I care about a lot of things. I may as well live in the clouds, have moons and stars printed on my stomach so I can shoot a rainbow from it. I care.
But there’s some shit I don’t care for.
I don’t care about you promoting ‘kindness matters’. I’ve never seen kindness in you. I’ve certainly never experienced it personally. I’ve definitely experienced a lack of, on many occasions. Sure, we can all be dicks in our youth but some people are old enough to know better. Or go on to feel remorse, like I have for mistakes i’ve made. I’ve seen friends be absolute assholes behind their ‘mate’s’ back.
I guess I should be grateful that in my case it was often to my face, and my low self esteem tolerated it. I don’t care for your virtue signalling, insincere ass. I am torn between frustration and amusement. But I don’t want to care enough to be frustrated or annoyed, or mildly irritated. I need to work on myself, I guess i’ll never stop trying to be better. But I wish I didn’t find the hypocrisy at all frustrating. One day I hope to be the person that doesn’t. I just want people to practise what they preach. I want people to be better. To be real. Sincere. Authentic. To not give a shit about presenting a version of themselves that is pretty far removed from the reality of their being.
I won’t tell you about my (mostly) shitty childhood because that doesn’t justify all of the mistakes I made. Times when I could have been cooler, kinder.

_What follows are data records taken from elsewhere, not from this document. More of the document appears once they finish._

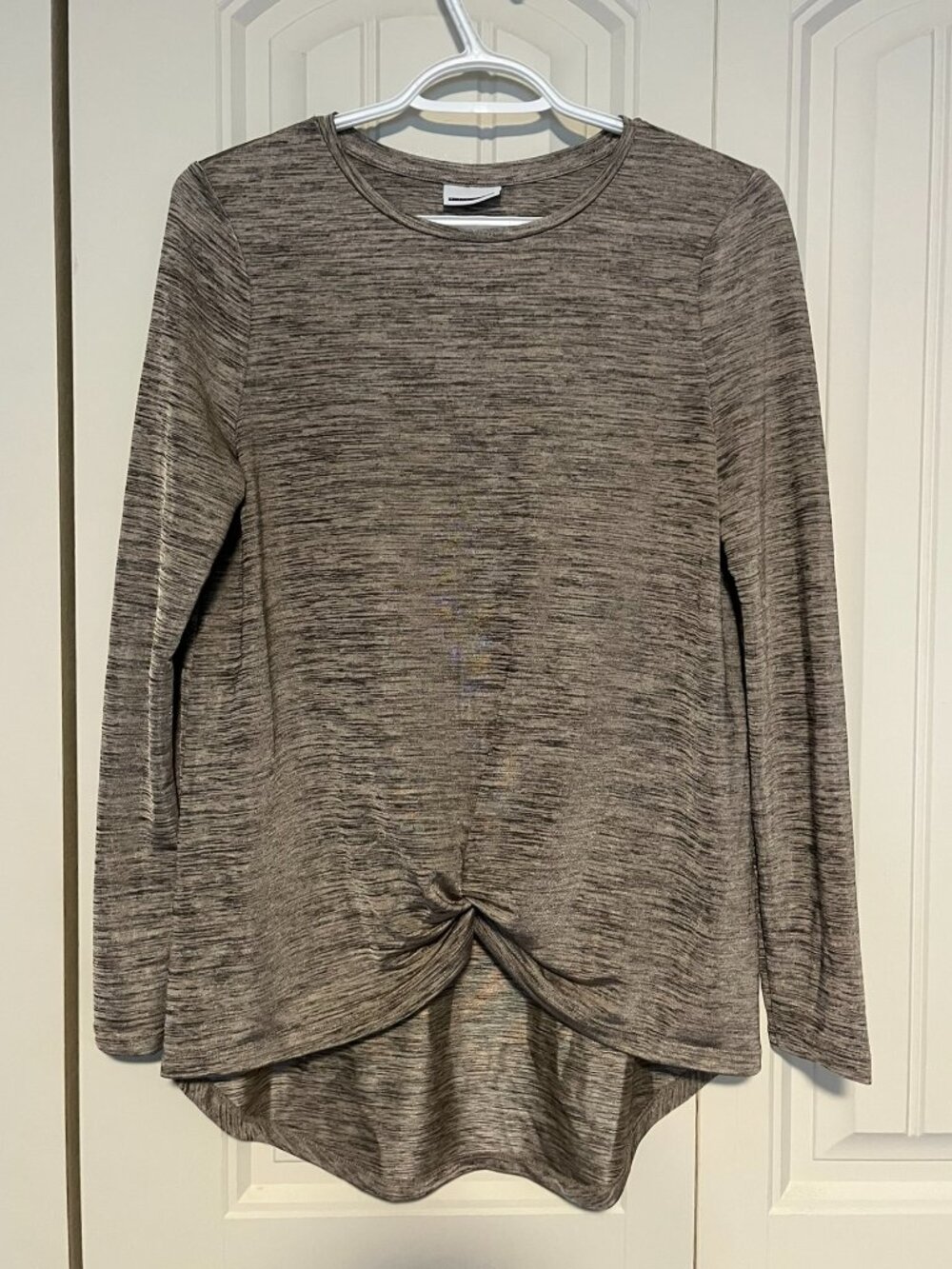 Noisy May Taupe Twist Front Long Sleeve Top Size Small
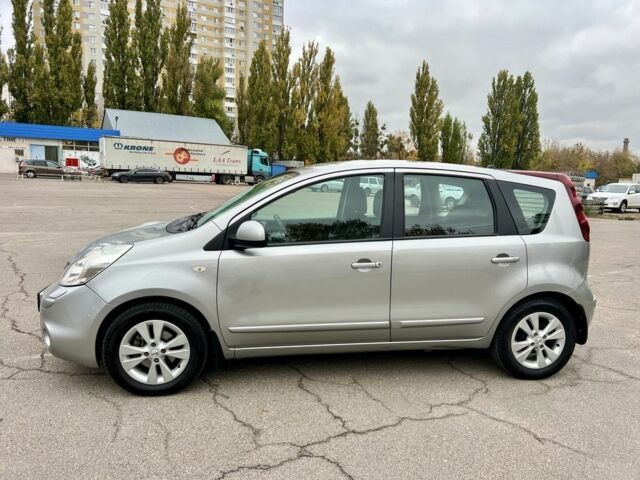 Серый Ниссан Ноут, объемом двигателя 1.6 л и пробегом 166 тыс. км за 7950 $, фото 1 на Automoto.ua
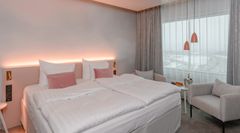 Vantaan Break Sokos Hotel Flamingon uusi hotellisiipi Wing avattiin helmikuussa 2019. Laajennusosassa on 232 uutta hotellihuonetta kolmen eri teeman mukaisesti. Harmony-teema tarjoaa ensimmäisenä Suomessa kokonaisen huonekerroksen vain aikuisille matkailijoille.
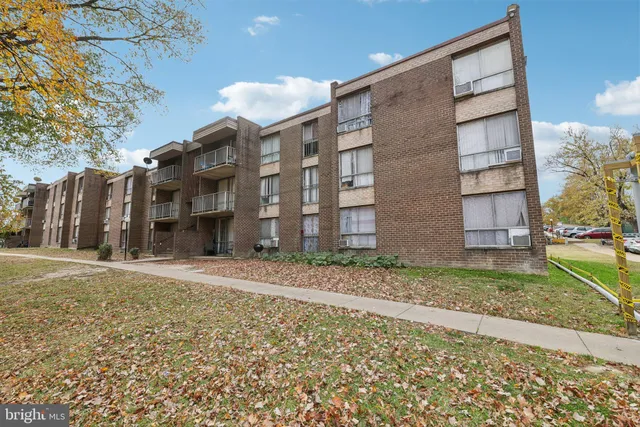 a view of a large building with a big yard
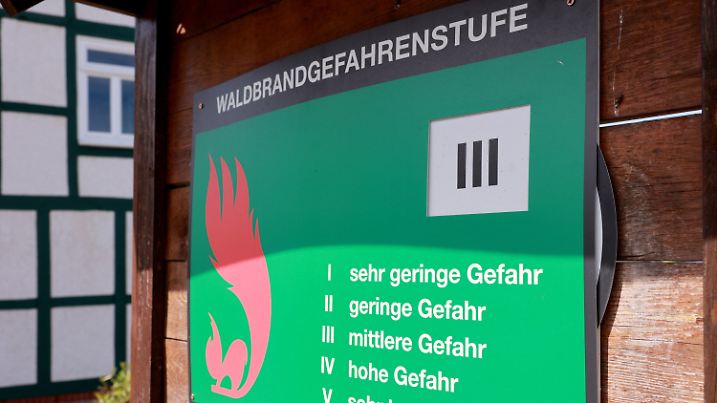 ARCHIV - 31.05.2023, Sachsen-Anhalt, Letzlingen: Die Waldbrandgefahrenstufe 3 ist an einer Warntafel des Landeszentrum Wald im Betreuungsforstamt Letzlingen zu sehen. In den meisten Regionen ist die Waldbrandgefahr nach dem Regen deutlich zurückgegangen. (zu dpa: «Mittlere Waldbrandgefahr in Thüringen») Foto: Peter Gercke/dpa-Zentralbild/dpa +++ dpa-Bildfunk +++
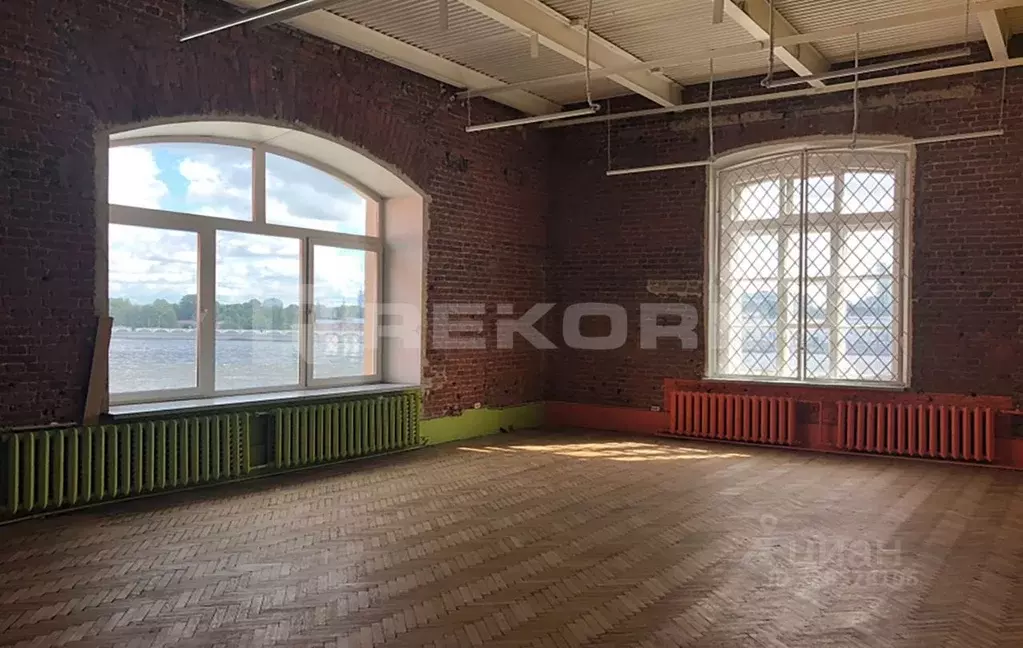 Офис в Санкт-Петербург Арсенальная ул., 2 (277 м) - Фото 1
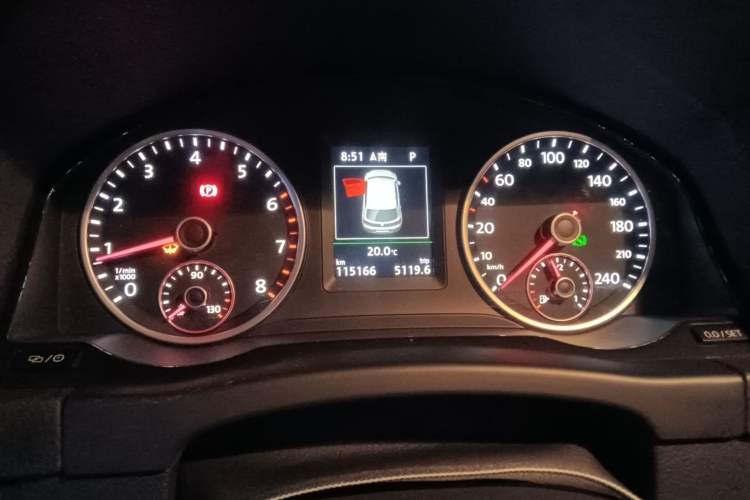 Used Volkswagen Tiguan 2015 1.8TSI Automatic Two-Wheel Drive Luxury Model Instrument Cluster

Quite honestly, I know you lack genuine compassion anyway and would probably laugh at the shit you learn about me. I’ve seen you laugh at things that are bad. Not as bad as that, but things that I don’t think i’d ever feel anything other than sadness about. And i’m someone who tries to find humour in even the darkest of times. Laughing at inappropriate shit got me through those dark times. I mean, there were months where I forgot what it felt like to laugh, but eventually I laughed again. But fuck dude, you were harsh. So painfully harsh.
But hey, capitalise on the ‘positive vibes’ and ‘kindness is cool’ shit. The facade continues to work. I’m pretty sure it always will.
But I promise you, if you do learn what real kindness feels like, you won’t just see it as a word on some merch or a framed print in your home, an embroidered cushion or a pretentious poem you wrote.
Integrity matters.
Compassion matters.
Sincerity matters.
Selflessness matters.
Self reflection matters.
Owning your shit matters.
Kindness fucking matters. Of course it matters. But fuck, at least live up to the postcard you bought with the word kindness on from that paper craft shop. Or the floral picture you repost on social media with the word written in between a laurel of leaves and flowers. At least live up to the fucking quote you probably didn’t check the legitimacy of before sharing it and covering it in parmesan and stilton hashtags.
You’re not my kind of person, but at least be kind.